Overoptimization Consistency: All DAA methods exhibited hump-shaped performance curves, where increased KL budgets initially improved performance but led to degradation beyond a certain point. This pattern was consistent across different model scales and DAA methods.
Model Size and Overoptimization: Larger models (6.9B parameters) were less prone to overoptimization than smaller ones (1B parameters). This suggests that higher capacity models can manage the trade-offs better under the same KL constraints.
Length Correlations and Extrapolation: The paper showed that DAAs tend to over-fit simpler features, like length, more strongly in lower capacity settings. This bias towards verbosity was especially pronounced in smaller models and for narrower KL budgets.

Theoretical Implications

The authors propose that the overoptimization observed in DAAs can be attributed to the under-constrained nature of the optimization problem. DAAs fit an "implicit" reward model using preference data, leading to multiple optima that can place weight on OOD responses.
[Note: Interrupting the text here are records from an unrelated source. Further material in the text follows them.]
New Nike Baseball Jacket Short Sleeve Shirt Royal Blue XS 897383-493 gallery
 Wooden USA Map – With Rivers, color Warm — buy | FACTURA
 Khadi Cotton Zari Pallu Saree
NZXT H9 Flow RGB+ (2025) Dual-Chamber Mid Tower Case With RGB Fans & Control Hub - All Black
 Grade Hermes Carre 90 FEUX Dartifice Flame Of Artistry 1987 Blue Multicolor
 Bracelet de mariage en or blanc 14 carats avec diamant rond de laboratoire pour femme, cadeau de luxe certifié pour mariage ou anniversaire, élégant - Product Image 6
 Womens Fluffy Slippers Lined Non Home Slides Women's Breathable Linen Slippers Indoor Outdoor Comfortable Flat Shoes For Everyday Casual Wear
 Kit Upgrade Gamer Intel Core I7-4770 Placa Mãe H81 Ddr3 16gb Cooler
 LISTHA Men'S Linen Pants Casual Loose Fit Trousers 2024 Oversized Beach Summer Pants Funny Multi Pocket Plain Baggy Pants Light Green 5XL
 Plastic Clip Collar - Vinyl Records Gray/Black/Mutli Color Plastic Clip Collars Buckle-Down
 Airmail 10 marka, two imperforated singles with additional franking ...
This under-constrained fitting is a critical factor driving overoptimization, akin to but distinct from the proxy reward exploitation in classical RLHF.

Practical Implications and Future Work

The findings highlight the need for more robust DAA training methodologies that mitigate overoptimization. Potential directions include incorporating more diverse and comprehensive preference data, leveraging techniques from robust and offline RL, and developing new objective functions that better constrain the optimization process.

On a theoretical level, further research could explore more precise characterizations of the implicit reward functions and their behavior in high-capacity settings. Additionally, integrating online feedback mechanisms might offer a way to dynamically adjust and correct for OOD biases during training.

Conclusion

This paper advances the understanding of reward overoptimization in DAAs, providing empirical evidence that these algorithms, like their RLHF counterparts, suffer from performance degradation due to overoptimization. The proposed scaling laws and unified framework offer valuable tools for analyzing and mitigating these issues, paving the way for more effective alignment strategies for LLMs.